Ok, just tried again with the old 'add "#" to uci-defaults' trick for force a new hash, and it worked (i.e., got a valid image and installed it), so the pull is working as expected.

If I leave off the uci-defaults, I get the same 'incorrect version' as before, from the cached build that failed... Still seems like that remove might alleviate these "in-between" errors somewhat, at least for that specific error. (This is assuming pm_image.remove works like I'm assuming, which is completely untested.)

efahl avatar Jun 17 '24 20:06 efahl

Explain this: Error: Received incorrect version r26674-29b98a0192 (requested r26620-6b03050192) I actually requested 26674, not 26620 - that's the current version installed.

lorand-horvath avatar Jun 18 '24 05:06 lorand-horvath

requested 26674, not 26620

What upgrade client did you use that gave this?

This typically happens when the sysupgrade metadata lags behind the build, which is the issue that Paul's webhook implementation addressed.

efahl avatar Jun 18 '24 15:06 efahl

requested 26674, not 26620

What upgrade client did you use that gave this?

Latest luci-app-attendedsysupgrade 24.168.60561~8860ca0

lorand-horvath avatar Jun 18 '24 18:06 lorand-horvath

requested 26674, not 26620

What upgrade client did you use that gave this?

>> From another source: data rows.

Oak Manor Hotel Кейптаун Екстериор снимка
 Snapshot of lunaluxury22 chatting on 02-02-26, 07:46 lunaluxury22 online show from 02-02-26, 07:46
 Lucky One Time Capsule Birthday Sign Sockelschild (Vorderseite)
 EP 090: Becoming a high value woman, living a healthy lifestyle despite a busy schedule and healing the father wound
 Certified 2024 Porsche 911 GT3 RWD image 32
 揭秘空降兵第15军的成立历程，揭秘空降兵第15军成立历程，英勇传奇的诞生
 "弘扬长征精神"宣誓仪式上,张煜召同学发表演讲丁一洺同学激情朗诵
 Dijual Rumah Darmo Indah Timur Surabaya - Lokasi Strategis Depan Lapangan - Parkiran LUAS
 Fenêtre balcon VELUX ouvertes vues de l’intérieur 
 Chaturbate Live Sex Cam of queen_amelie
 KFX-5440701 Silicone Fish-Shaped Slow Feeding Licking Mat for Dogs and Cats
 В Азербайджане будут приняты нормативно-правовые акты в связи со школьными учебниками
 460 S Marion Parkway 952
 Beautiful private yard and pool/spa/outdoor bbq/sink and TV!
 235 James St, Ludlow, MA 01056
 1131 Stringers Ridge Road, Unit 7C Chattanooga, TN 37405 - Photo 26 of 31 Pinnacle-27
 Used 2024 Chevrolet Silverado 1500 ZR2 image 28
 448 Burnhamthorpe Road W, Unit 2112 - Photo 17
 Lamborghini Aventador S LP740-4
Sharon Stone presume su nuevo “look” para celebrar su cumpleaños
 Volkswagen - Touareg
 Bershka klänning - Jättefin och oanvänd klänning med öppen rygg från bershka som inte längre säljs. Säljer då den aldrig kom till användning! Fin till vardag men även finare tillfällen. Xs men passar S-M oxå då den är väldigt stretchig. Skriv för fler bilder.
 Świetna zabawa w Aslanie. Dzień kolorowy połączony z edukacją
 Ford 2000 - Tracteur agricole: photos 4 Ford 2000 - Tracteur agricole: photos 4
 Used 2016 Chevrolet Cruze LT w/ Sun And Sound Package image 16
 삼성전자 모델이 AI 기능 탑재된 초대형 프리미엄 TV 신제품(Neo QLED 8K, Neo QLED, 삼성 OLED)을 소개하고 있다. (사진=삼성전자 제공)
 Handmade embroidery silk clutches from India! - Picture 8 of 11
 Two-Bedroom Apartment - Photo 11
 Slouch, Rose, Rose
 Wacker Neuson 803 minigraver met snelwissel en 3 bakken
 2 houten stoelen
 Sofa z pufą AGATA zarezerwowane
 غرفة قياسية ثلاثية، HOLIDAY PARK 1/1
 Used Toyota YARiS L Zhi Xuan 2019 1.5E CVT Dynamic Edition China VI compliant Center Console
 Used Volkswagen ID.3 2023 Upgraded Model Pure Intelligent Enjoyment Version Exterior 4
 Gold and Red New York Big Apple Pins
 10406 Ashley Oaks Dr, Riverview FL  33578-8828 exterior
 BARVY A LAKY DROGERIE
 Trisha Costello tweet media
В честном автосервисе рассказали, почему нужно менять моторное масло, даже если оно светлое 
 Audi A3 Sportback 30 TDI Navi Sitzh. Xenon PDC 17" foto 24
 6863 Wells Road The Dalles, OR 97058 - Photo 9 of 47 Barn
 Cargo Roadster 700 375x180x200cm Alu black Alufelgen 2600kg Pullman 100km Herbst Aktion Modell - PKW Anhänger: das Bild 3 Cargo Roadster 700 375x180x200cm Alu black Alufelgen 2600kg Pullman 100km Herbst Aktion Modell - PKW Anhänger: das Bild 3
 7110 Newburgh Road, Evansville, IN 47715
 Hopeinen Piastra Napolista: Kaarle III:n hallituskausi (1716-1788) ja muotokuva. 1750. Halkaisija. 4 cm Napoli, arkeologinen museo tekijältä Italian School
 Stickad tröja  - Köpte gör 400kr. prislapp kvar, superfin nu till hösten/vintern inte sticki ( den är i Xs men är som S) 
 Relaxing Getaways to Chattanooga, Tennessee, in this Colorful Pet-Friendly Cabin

Latest luci-app-attendedsysupgrade 24.168.60561~8860ca0

We may have borked the check in LuCI ASU with my change in https://github.com/openwrt/luci/pull/7163, see https://github.com/openwrt/luci/pull/7163#issuecomment-2176678529. For now use auc or the firmware selector to upgrade, I have a fix coming as long as I get confirmation of my suspicions.

dannil avatar Jun 18 '24 18:06 dannil

Just for your info. I have just upgraded from 23.05-SNAPSHOT r23901 to 23.05-SNAPSHOT r23902-50148a40d2 using luci-i18n-attendedsysupgrade-pl (git-24.167.26541-c74a06c) or according luci-app-attendedsysupgrade (git-23.339.51123-138595a), and to my surprise, it worked fine. The detected "current" and "new offered" version were correct.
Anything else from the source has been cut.